My life, with dog.

After the first faculty meeting of the year, in years past, I've gone back to my office and worked until 8 or 9 p.m.  Tonight, I packed up my things and came home to the Monster, who was so overjoyed to see me that he leapt backwards from the front door, just on his back legs, and proceeded to demand--as was his due--his trip to the back yard and his dinner and his evening walk, in rapid succession. 

When he demanded his longer evening walk within an hour of the first, I complied, and on this one we ran part of the way.  Lately, I've been feeling an urge to run, a bit strange since I've never been a runner.  We go in bursts, depending on what each of us prompts the other to do.  Home again, we did a tiny bit of grooming, and now he is lying on the floor once more, stretched out on his side and ready to run in his sleep.

Yesterday, while I worked in my office, I heard a sudden whimper and realized that he was barking in his sleep, there on the floor on the other side of my desk. 

Living with the dog means that when I'm on my way home and see three deer straight ahead of the end of a road, I think, "It would have been terrific to have come upon these deer with the dog."  This dog doesn't seem to notice deer--at least not yet, in my experience--even though they notice him immediately.

Playing catch-up.

I have not been eaten by the snake!

I knew that things were getting more than a bit dire when my excellent friend asked, during a phone home from England, what was happening with this blog--not twenty-four hours after my parents had asked the same question.  The answer is, roughly, that what's going on with this blog is the same thing that's going on with the rest of my life: too little because of too much. 

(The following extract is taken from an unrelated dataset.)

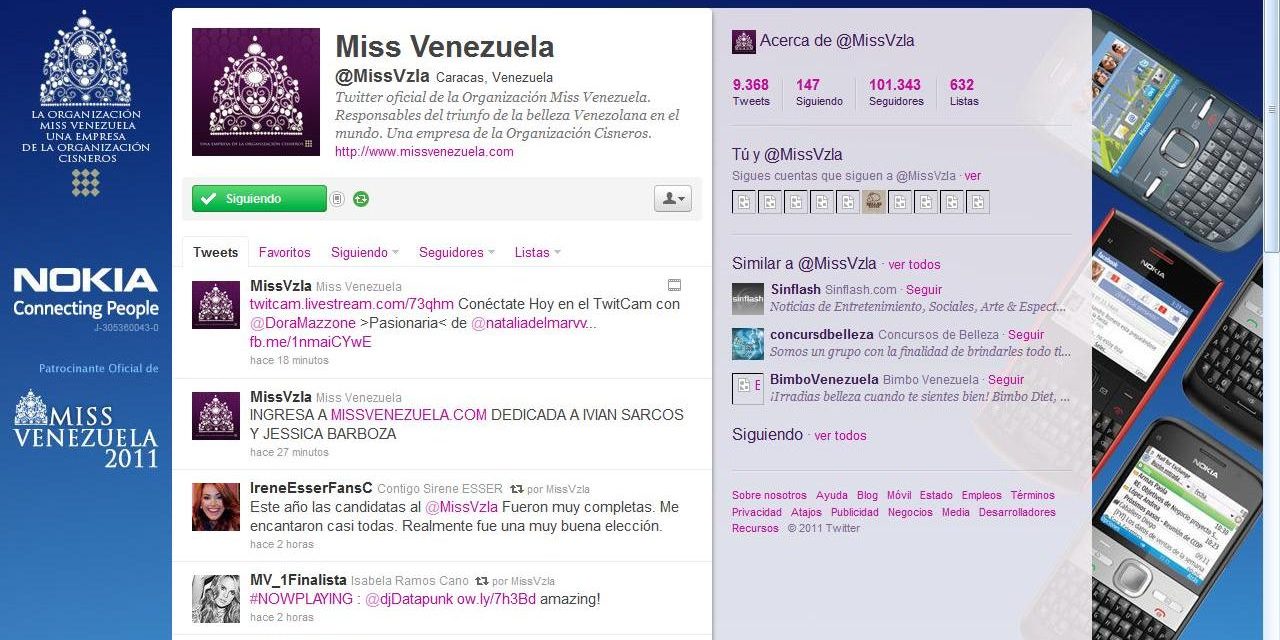 CREAN CUENTAS FALSAS EN TWITTER A NOMBRE DE VENEVISION, JOAQUIN RIVIERA Y MISS VENEZUELA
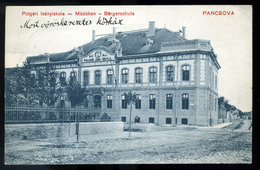PANCSOVA 1915. Vöröskeresztes Kórház  Régi Cenzúrázott Képeslap  /  1915 Red Cross Hospital Vintage Cens. Pic. P.card - Hungary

I plan to ruminate more on this idea of too-little-too-much as the week takes off--because this week already looks less hairy than last week, and I've had more time this weekend to prepare for the days ahead.  But, a quick recap of the days I was gone:

the weekend:

 

Not long after the snake crawled over my foot and my purple shoe, my parents arrived for the weekend.  The next afternoon, my brother rolled in from Tennessee.  Much low-key togetherness and recharging followed, as well as a belated celebration of my mother's birthday through a lovely meal and some monumental card-playing.  The excellent Monster was utterly in his element, with attention and delicious food coming at him from every angle.

Things flowed along so happily and in such lovely fashion that I did not take pictures of anything except these pink flowers in my excellent friend's front garden (which I water but can take no other responsibility for).

 

the week:

Once my family departed on Monday morning, the week was already in full swing, and though I thought that everything would slow down at least a bit once my tenure materials were in, I found that I was wrong--or at least that "a bit" was actually "only a very little bit."  By Tuesday afternoon, I realized that I needed to start keeping a master syllabus again, lest I should forget someone's appointment or a meeting or my own reading assignments, all of which came at me in spades this week.  Most were fine.  One in particular was dreadful.  No limbs or eyes were lost, and it seems probable that nearly everyone learned something.    

As a marker of how distracted things became, though, I can offer the following visual anecdote.  I've just now transferred last week's pictures from camera to computer, and in processing the ones of Tuesday's sunset (above), I've discovered what I was too otherwise-focused even to notice, much less try to photograph: the deer grazing at the edge of the lawn on which I was standing.

(Look to the right of the speed limit sign's pole.)  This oversight might not seem like a big deal, but it feels awfully suggestive--in the sense of suggesting things I feel to be more or less awful--to me.  I note it in order to register its meaning to me--as a marker not of my own capabilities but of an effect on my attention.

When I opened my eyes on Wednesday and Thursday, it turned out that autumn is already making big plans for its equinox.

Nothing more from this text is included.